Former US House candidate, TN-5
Yes, indeed, we should bitchslap the lawmakers. Maybe have Hulk Hogan teach them a few new moves, preferably painful ones that leave bruises.
I disagree that corporations should be given a free pass on unethical or illegal behavior just because it's in the interests of the stockholders. If you think about it, it is just that attitude that has brought corporate America to it's knees. "Go ahead, Mr. CEO, use every weapon available to you so long as the stock price doesn't drop, and don't worry about that 'ethics' thing, because if you get too concerned about wrongdoing we'll just fire your ass and bring in someone less scrupulous." How is that beneficial to anyone but the stockholder? In fact, long term, it's not beneficial to anyone, including the stockholders. Well, other than upper management, that is, who are generally so insulated from the effects of their actions that it doesn't much matter to them.
Worse yet, the reason that U.S. patent law is up the creek is Amazon's fault! Amazon and all the rest of the corporations that went to Washington and bought changes to patent law, and the funding changes to the USPTO itself. Those were things that Congress would never have thought up on its own: they were pushed into it by corporations that wanted to gain even more control over America's intellectual capital.
So far as I'm concerned, Jeff Bezos, Amazon, and all the other companies run by sociopaths can go to Hell. Create, invent, and compete on your merits: if you can't do that you don't deserve to be in business. The granting of, and enforcement of, utterly baseless patents doesn't do anything but force the transfer of our wealth to people that have no right to it.

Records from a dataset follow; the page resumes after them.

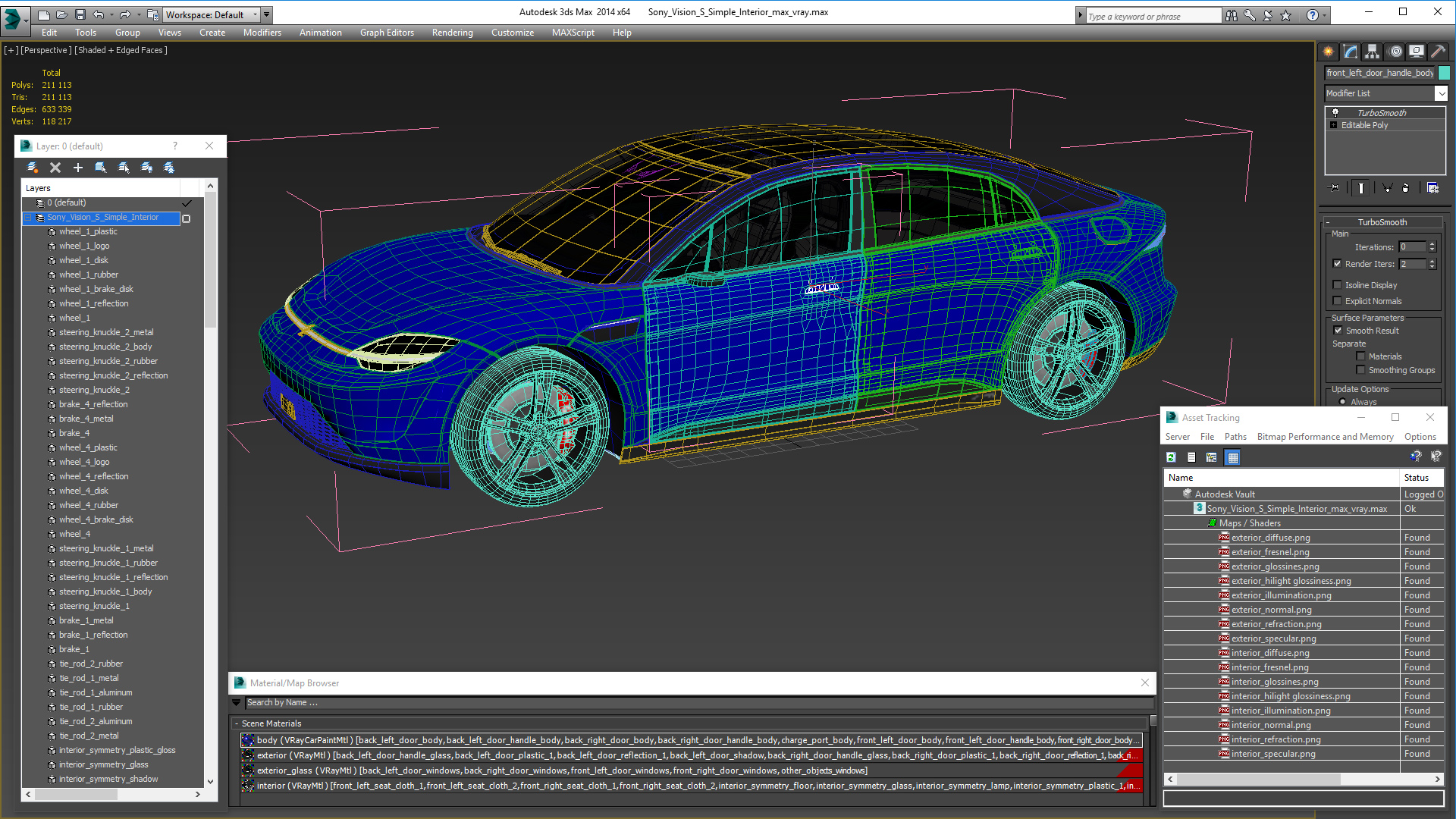 Sony Vision S Simple Interior 3D model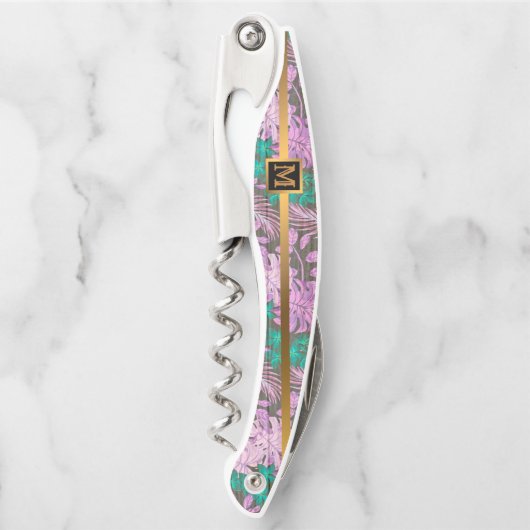 Floral zu Wood Popular Geschenk Kellnermesser (Vorderseite)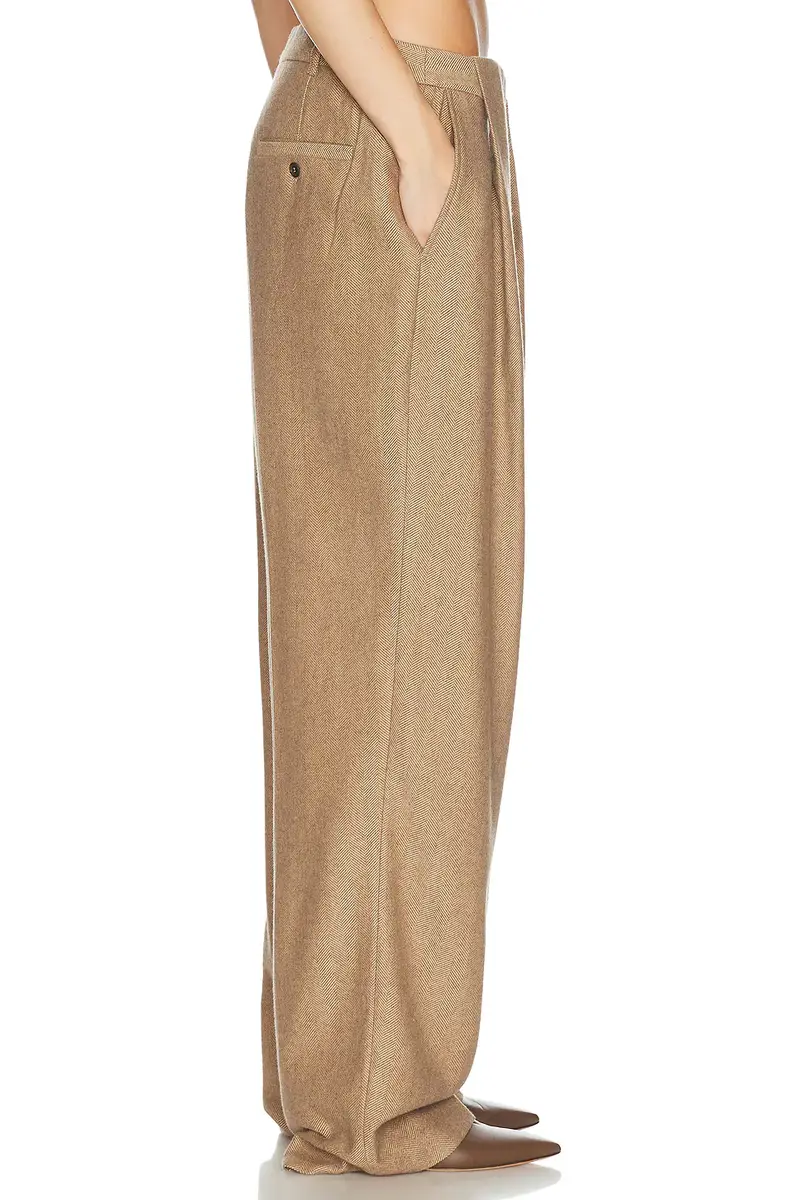 Helsa Italian Herringbone Tomboy Trouser | Thumbnail 4 Helsa Italian Herringbone Tomboy Trouser | Thumbnail 4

Jeff Bezos should be fired for being an antisocial jackass with criminal tendencies. He, and those like him, are running the United States into the ground, because they aren't leaving any room in their thought processes for anyone but themselves.
Look up the term "enlightened capitalism" sometime, look at the positive effects that it brought to Western civilization, and think for yourself how little it applies to Bezos and people of his caliber.

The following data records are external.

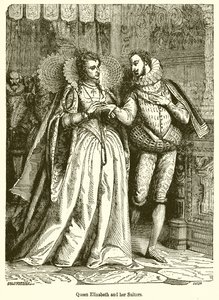 La reine Elizabeth et ses prétendants - English School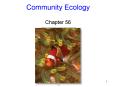 Community Ecology Chapter 56 PowerPoint PPT Presentation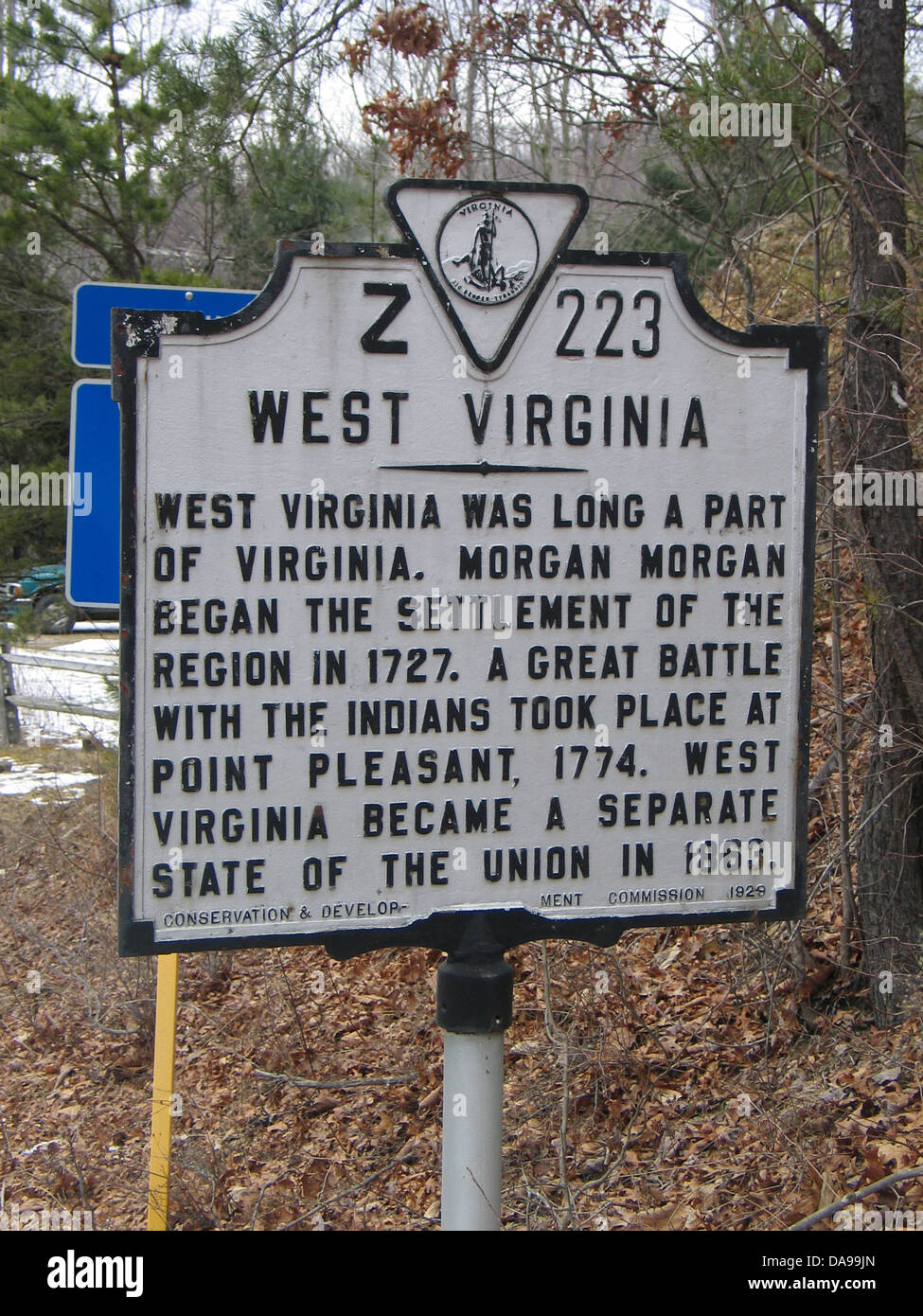 WEST VIRGINIA West Virginia was long a part of Virginia.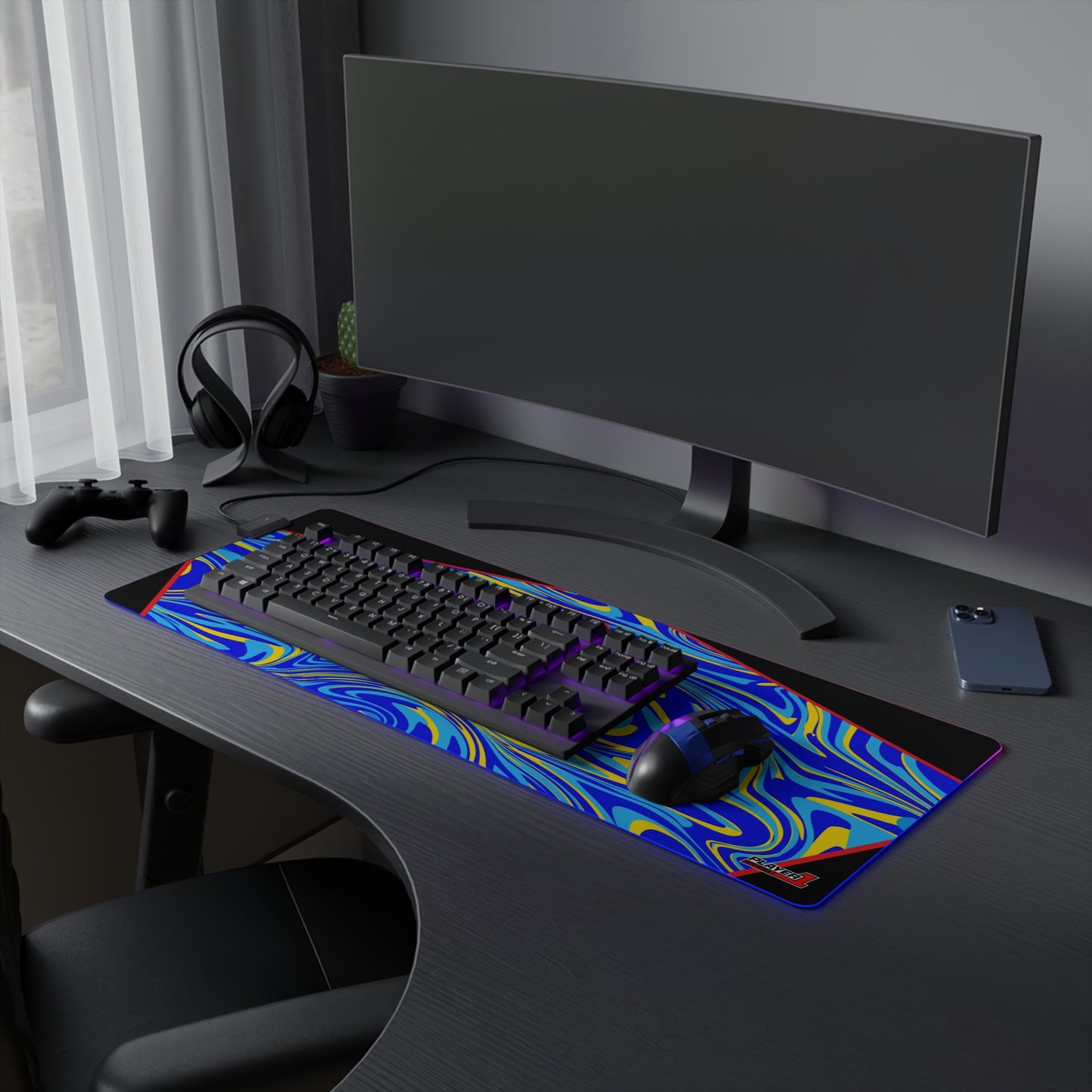 Delta FZNS LED Gaming Mouse Pad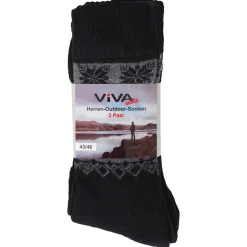Outdoor Socken 49/42 - 43/46, 3 Stück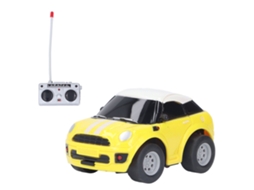 Primerox carro de Controle Remoto 1:43 Cute Simulado Brinquedo Divertido Presente de Aniversário Amarelo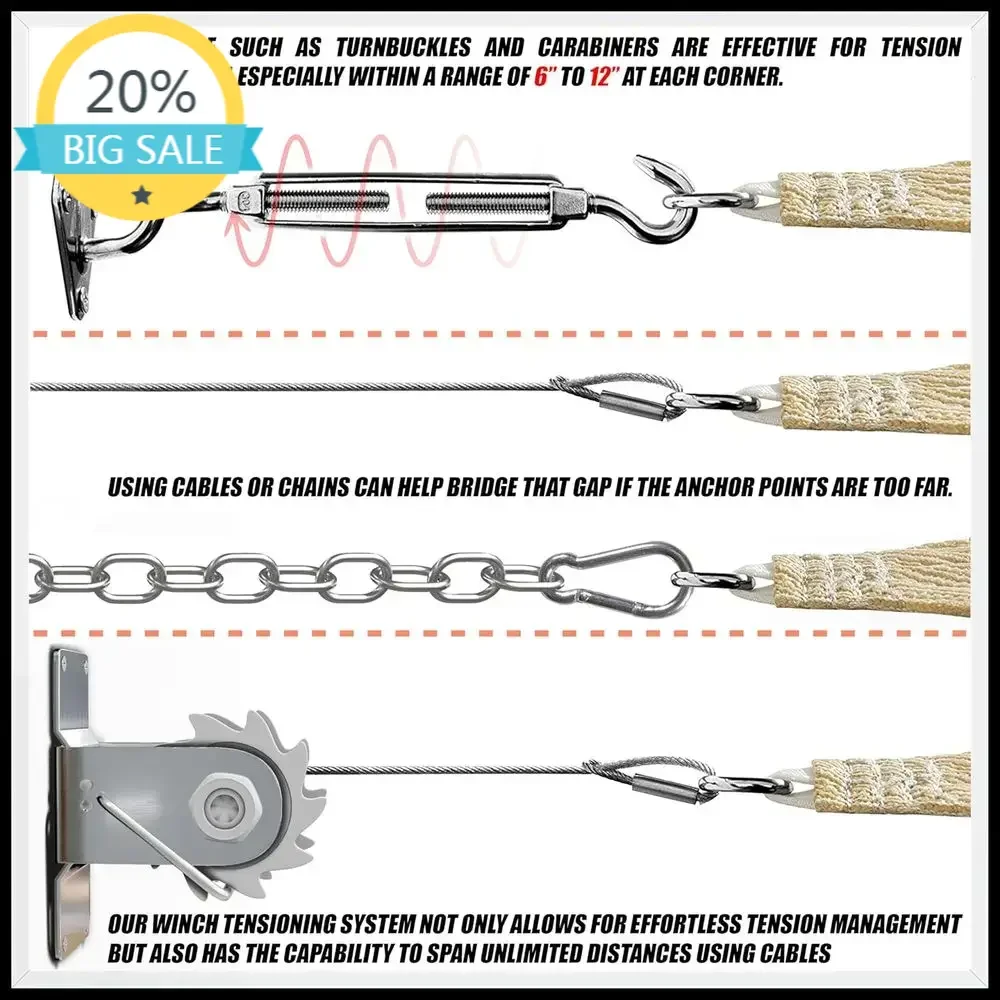 

Тент-парус для улицы 16 футов x 16 футов x 22,6 футов, бирюзовый, с защитой от УФ-излучения 95%, сверхпрочный, настраиваемый размер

The higher the technology, the sharper that two-edged sword.
They aren't patenting the general concept of automatic identification and charging of a customer based on a pre-shared secret, which would include any kind of bar tab system, as well as many other kinds of financial transactions. They're patenting the specific method of using a web browser that supports cookies to provide customer identification information along with the HTTP request representing clicking the "Order now!" button, allowing the server to automatically look up the billing info associated with that customer and fulfill the order without any further customer action.
It's a very broad patent that covers any pretty much any online store that uses cookies to identify customers, but it doesn't cover anything not involving the a web browser, web server and cookies. That's why (according to XLawyer's logic) Amazon included the Norm quotes page, as an example of a system that, while similar in concept, is different enough to not invalidate Amazon's claim to originality. It's a bit of a long shot, but out of all the theories I've read today, I think it's the one that makes the most sense. The purpose of Amazon listing prior art on their paperwork isn't to try to invalidate their own patent, it's to clarify the scope and show that their idea is different enough from previous implementations to merit a patent. It's Amazon saying "These are things that may have influenced our concept, but are different enough to be unique."
That said, I don't think Amazon's patent should be ruled valid, and I hope that the USPTO recognizes that the patent is overly broad and covers many situations that have been happening since browsers started supporting cookies.